Caki-1 cells were transfected with control siRNA or PPARα siRNA at 100 nM for 72 hours and processed for immunoblotting, cell cycle analysis, and apoptosis assay as described in Materials and Methods. A. PPARα protein level was attenuated in the cells transfected with PPARα siRNA. B. PPARα siRNA transfection arrested cell cycle at G0/G1 phase. C. CDK4, cyclin D1, and c-Myc protein levels were attenuated in the cells transfected with PPARα siRNA. D. PPARα siRNA transfection induced apoptosis. The data shown are each representative of at least three repeats.

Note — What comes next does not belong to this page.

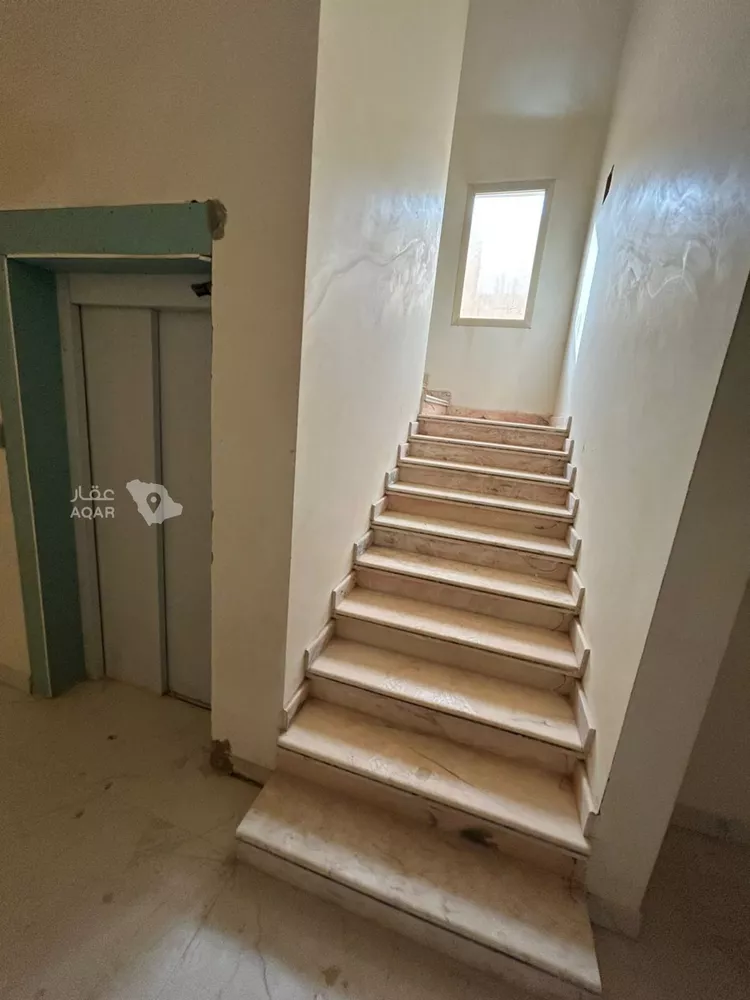 Villa for Sale in Riyadh Uraidh 7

Figure 7. Glucose depletion synergized cytotoxicity of PPARα antagonist but not agonist.

A. RCC cells (Caki-1 and 786-O) were treated with DMSO (Cont), GW6471 (GW) 25 µM, and/or 2-DG (5 mM) for 72 hours and cell viability assay was performed as described in Materials and Methods. B. RCC cells (Caki-1 and 786-O) were treated with DMSO (Cont), GW6471 (GW) 25 µM, low glucose media (Lo Glu), or GW6471 in low glucose for 72 hours and cell viability was assessed by an MTT assay as described in Materials and Methods. The data shown are representative of at least three repeats. **Synergistic effect compared to each treatment separately. Error bars indicate standard deviation.